Archie grew up in Hyde Park in a house across from the Town Hall on Main Street. In 1705, his ancestor, Pierre Fauconnier (1659-1746), was granted 10,000-acres in Dutchess County in recognition of his service as personal secretary to Edward Hyde, the Governor of New York and New Jersey with a penchant for cross-dressing. Fauconnier duly, and courteously, named his estate "Hyde Park" and many of his descendants continued to make their home there including Archie's grandmother, Mrs Anna (Pendleton) Rogers, whose grandfather's house stood exactly where the Vanderbilt Mansion stands today.

"She had the millions, but she couldn't have gotten a better man..."

Through building railroads in Wisconsin, Archie was a millionaire in his own right, but the money behind Crumwold came from his even wealthier wife, Anne. Her mother came from one of Georgia's best known families and grew up at the Bulloch-Habersham House, but her money came from the paternal side of her family, the Colemans. Her great-grandfather, Robert Coleman (1748-1825), acquired furnaces and mines in Pennsylvania that saw him become one of the state's very first millionaires. In 1889, Anne and her brother were worth $30 million and said to have made $1,000 a day purely on the interest from their controlling share in the family furnaces. But, as their chauffeur put it: "She had the millions, but she couldn't have gotten a better man or a better manager".

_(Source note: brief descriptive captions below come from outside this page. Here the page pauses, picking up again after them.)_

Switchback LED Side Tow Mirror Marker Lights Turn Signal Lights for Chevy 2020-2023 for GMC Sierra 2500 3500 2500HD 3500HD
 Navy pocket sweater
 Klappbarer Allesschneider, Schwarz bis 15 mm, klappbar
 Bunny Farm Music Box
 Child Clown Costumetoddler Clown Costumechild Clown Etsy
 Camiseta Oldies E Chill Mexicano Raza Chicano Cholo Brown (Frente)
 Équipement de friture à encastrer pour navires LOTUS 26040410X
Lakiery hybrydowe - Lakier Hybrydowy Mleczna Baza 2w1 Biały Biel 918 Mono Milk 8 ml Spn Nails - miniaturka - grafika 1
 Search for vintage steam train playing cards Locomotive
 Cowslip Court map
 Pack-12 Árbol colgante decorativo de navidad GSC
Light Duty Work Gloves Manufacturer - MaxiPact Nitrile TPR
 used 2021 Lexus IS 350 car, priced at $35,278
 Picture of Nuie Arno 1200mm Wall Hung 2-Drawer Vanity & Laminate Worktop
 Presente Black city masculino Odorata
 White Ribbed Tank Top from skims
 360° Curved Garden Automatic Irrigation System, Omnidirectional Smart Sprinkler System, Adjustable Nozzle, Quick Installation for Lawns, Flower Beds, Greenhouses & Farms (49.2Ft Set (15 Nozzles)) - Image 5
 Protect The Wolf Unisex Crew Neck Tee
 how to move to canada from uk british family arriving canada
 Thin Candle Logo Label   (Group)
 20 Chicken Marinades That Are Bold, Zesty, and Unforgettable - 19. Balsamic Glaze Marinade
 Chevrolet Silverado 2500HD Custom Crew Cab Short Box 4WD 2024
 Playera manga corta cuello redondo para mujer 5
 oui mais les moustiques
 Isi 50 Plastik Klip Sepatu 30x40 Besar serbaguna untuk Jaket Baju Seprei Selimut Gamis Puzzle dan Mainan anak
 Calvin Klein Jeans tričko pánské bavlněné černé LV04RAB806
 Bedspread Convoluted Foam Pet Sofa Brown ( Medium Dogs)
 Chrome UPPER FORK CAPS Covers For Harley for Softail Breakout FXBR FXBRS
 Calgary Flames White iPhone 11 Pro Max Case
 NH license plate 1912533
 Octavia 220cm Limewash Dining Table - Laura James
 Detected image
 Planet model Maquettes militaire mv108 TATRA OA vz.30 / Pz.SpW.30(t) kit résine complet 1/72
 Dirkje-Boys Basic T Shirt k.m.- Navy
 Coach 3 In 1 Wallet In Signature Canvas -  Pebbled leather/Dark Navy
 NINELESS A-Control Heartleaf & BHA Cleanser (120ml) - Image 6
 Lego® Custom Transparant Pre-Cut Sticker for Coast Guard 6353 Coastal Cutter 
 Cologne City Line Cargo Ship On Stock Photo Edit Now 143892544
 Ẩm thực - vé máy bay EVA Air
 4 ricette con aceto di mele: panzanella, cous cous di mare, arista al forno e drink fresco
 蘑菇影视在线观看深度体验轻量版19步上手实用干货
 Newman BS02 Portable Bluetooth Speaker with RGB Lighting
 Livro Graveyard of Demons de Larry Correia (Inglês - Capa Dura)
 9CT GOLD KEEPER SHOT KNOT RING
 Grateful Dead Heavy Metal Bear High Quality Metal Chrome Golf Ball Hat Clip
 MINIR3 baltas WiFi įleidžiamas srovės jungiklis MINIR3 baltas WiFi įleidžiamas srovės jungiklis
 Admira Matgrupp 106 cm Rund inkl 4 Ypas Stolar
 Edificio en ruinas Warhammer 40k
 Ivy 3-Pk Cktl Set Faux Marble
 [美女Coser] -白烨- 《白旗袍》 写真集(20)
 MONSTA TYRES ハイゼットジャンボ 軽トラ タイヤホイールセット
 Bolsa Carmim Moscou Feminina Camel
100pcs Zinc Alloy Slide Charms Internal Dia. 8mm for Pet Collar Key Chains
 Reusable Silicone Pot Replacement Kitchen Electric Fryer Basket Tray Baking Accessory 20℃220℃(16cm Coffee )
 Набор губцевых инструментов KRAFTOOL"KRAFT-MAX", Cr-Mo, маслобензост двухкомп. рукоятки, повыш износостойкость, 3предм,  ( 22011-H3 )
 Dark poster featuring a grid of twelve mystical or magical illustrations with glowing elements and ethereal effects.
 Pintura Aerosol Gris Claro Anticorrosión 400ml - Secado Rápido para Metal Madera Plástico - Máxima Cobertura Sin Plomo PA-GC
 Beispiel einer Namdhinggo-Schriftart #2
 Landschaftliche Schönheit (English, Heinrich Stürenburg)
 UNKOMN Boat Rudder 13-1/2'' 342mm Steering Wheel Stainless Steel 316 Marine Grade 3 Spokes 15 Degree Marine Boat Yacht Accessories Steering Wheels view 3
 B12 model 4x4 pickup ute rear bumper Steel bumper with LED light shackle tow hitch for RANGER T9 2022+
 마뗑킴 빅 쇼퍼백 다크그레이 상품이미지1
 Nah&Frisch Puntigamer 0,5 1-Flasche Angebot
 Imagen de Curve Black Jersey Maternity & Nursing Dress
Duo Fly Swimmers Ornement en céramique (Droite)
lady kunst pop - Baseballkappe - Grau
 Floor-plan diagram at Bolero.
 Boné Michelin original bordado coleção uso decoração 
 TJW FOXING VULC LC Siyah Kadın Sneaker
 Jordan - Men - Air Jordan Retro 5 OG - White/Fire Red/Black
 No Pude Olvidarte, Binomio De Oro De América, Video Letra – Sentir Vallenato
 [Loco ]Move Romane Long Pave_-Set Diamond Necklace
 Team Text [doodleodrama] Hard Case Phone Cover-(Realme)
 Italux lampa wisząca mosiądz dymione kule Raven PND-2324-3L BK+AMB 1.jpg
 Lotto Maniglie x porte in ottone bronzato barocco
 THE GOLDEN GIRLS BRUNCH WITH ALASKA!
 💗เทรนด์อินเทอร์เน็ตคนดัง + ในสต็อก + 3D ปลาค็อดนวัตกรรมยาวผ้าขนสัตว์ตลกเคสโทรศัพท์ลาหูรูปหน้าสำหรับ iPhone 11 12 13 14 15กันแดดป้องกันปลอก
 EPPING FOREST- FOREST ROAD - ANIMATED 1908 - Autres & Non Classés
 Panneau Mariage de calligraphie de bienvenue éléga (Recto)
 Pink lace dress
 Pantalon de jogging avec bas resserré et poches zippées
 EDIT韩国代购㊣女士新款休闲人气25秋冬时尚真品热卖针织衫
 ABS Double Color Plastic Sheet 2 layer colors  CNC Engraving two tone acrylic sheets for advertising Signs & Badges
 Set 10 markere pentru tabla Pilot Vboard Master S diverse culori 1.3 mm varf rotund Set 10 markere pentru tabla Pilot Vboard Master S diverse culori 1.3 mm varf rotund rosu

"Just a Big House... with a View for a Bit of Elbow Room"

In 1842, Elias Butler (1805-1878) purchased a farm south of Hyde Park from Augustus T. Cowman (1814-1854). Here, he built a house with a library and greenhouses that he named "Crumwold" for the bend on the Hudson known as 'Crum Elbow' over which it looked from a bluff on its east bank. The house enjoyed a spectacular 60-mile view of the river. 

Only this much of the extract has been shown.